The capital Pyongyang is much further from the DMZ than from Seoul to the same destination, as such they were told the party would not be driving home that evening, even though by Jacks rough calculations they could have easily made it back. A specially selected hotel had been chosen on the route back, which Jack guessed was probably because the lack of street lighting could prove an embarrassment to their hosts. North Korea is well renowned for this, and the badly maintained roads would only exacerbate the problem. However after an hour on the coach they were suddenly informed that due to unforeseen circumstances the hotel was unable to accommodate them and they were going to continue directly back to the capital.

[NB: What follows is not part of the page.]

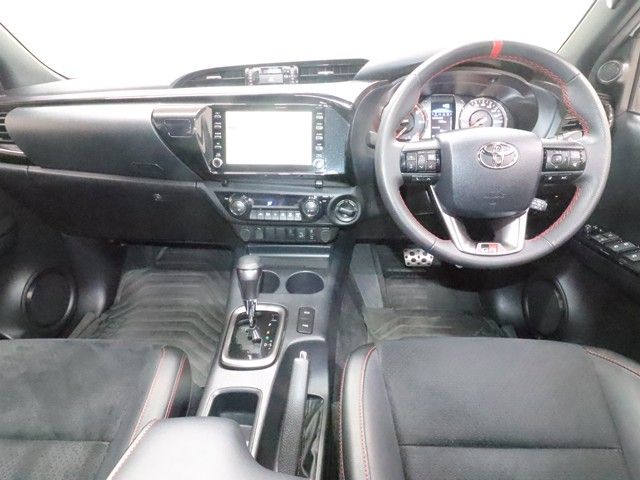 TOYOTA HILUX 4WD 2023 Image 31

Although Mr Lee tried to reassure them it was simply due to some obscure plumbing problem that purely coincidentally had just occurred, Jack and both his friends suspected the hotel was rather run down and would prove embarrassing (something that a member of the party who had a limited understanding of Hangul confirmed when overhearing Miss Choe), and so it was decided by their omnipresent guides that seeing North Korea at night without street lights, was better than guests experiencing a rather shabby hotel. But as they had already witnessed, outside of the capital was a different country. Devoid of clean affluent villages and towns, surprisingly backward in terms of farm machinery and with an obvious lack of motorised transport, all bore stark evidence to the harsh reality of life outside Pyongyang.

The last evening in the Yanggakdo hotel was relaxed, the Soju flowed and this time even miss Choe enjoyed a small glass and mixed happily with all the guests, and surprisingly spoke quite freely about some minor (a word she was careful to heavily inflect) problems North Korea currently has, and was surprisingly candid.

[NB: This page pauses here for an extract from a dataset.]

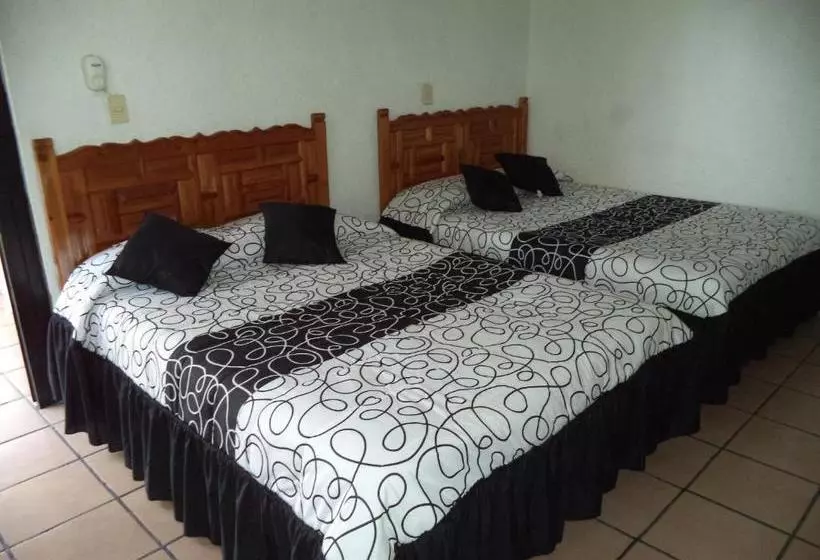 Hotel Ocampo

But just as the expression goes that all roads lead to Rome, North Koreans firmly believe all the sanctions it endures, all the stories that appear in the western press of a belligerent and isolated country and all other negative propaganda, only emanate from one source. They are deliberate, sustained, and specifically designed to further isolate their country. As Jack quite eloquently articulated to me, the old well-worn chestnut is that the US remains as it always has, the evil empire, the aggressor. To this day they are taught the Americans and Seoul were both the architects and instigators of the bloody and brutal Korean War.

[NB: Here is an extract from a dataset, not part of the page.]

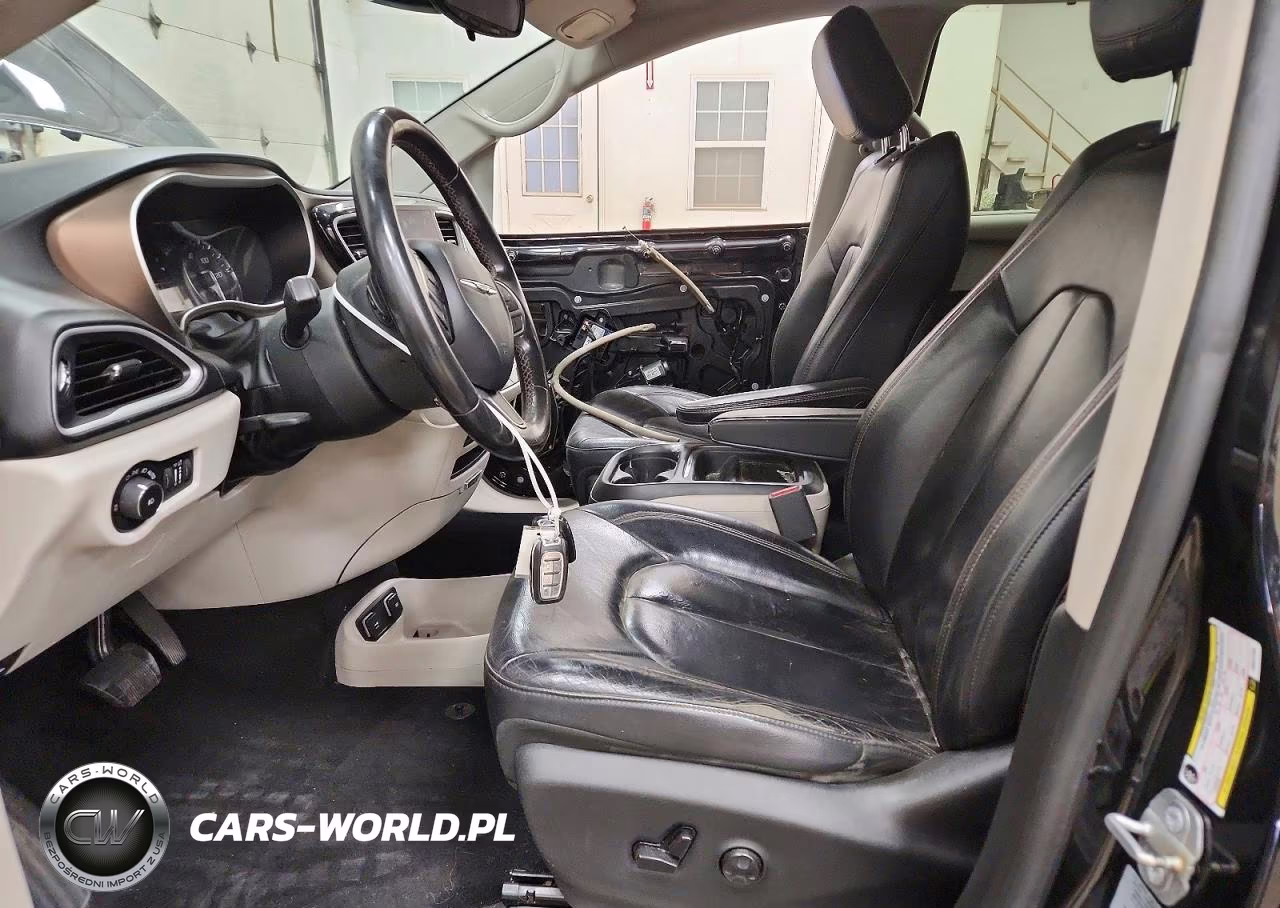 2017 Chrysler Pacifica Touring L VIN:2C4RC1BGXHR811756 - 7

As their plane lifted off from Pyongyang’s’ Sunan airport Jack wondered that perhaps if he came back here in five years’ time the Kim regime will have fallen, and like most places around the world that were former bastions of communism, has embraced change and finally thrown off the yoke of authoritarian control.

But it’s a question that is not that simple in North Korea. As Jack concluded, if somebody speculated that the Kim dynasty will end soon, the entire edifice crumble and burn with a new democratic order finally appearing from the embers, then conversely and also considering the level of control that is exercised over its people, it’s just as possible it will continue; unashamed and proud of its strange and yet compelling existence that continues to defy all logic. That is the eternal paradox of North Korea.

 

I would just like to thank Jack for taking the time to impart his story to me, and for the honest and forthright manner in which he told it. As to his future plans, well I am sure there will be more adventures to come and I wish him every success in life. We hear so much in the media about the mollycoddled life of today’s youth, but it’s refreshing to know that there are young people out there who are risk takers, who do think on a deep level and have a sense of yearning for the unknown. As by pushing boundaries, questioning political systems and social structures, finding out what this world is all about, only then can we become enlightened and hopefully build a better world.